Records for the exercise
========================================

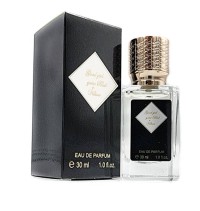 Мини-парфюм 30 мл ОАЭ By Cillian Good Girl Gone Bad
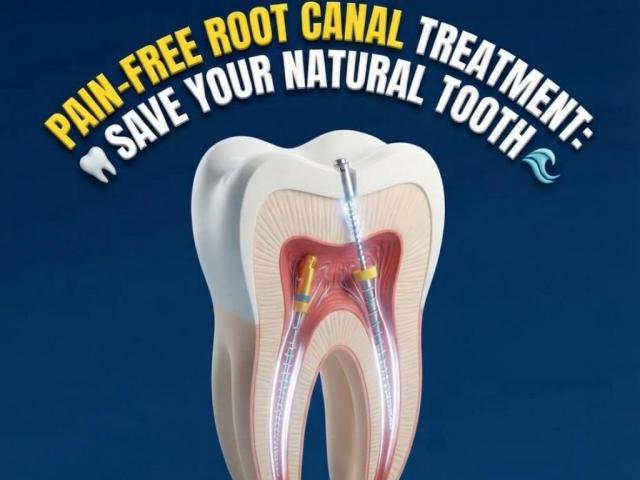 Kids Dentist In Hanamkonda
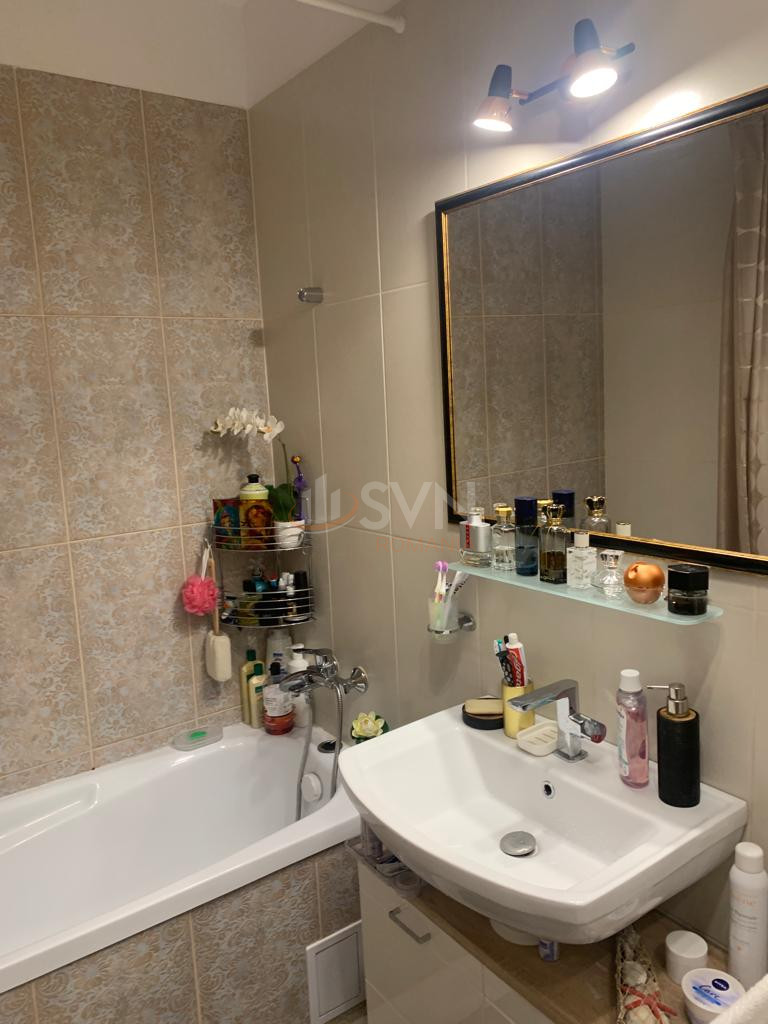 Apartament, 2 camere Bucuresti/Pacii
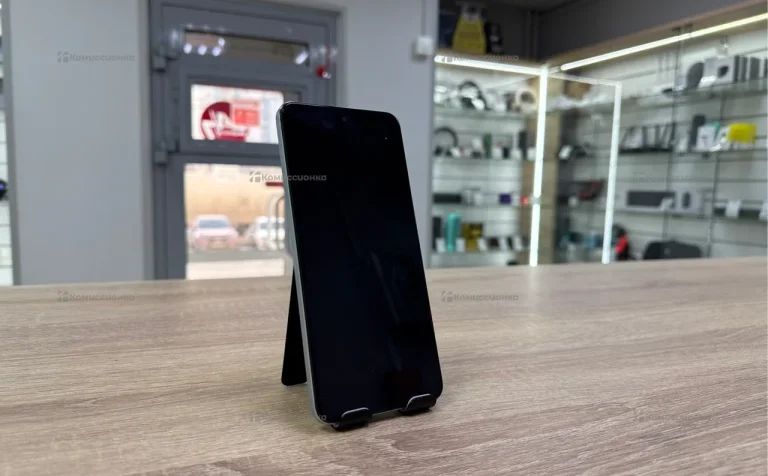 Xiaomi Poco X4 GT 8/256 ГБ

========================================

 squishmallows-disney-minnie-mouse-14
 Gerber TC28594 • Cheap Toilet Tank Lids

========================================

Task prompt
In the entries above, find the line that contains "Мини-парфюм 30 мл" and the line that contains "Xiaomi Poco X4 GT 8/256 ГБ". Reproduce exactly those two lines and every line between them, but not the pictures.

Output below
 Мини-парфюм 30 мл ОАЭ By Cillian Good Girl Gone Bad
 Kids Dentist In Hanamkonda
 Apartament, 2 camere Bucuresti/Pacii
 Xiaomi Poco X4 GT 8/256 ГБ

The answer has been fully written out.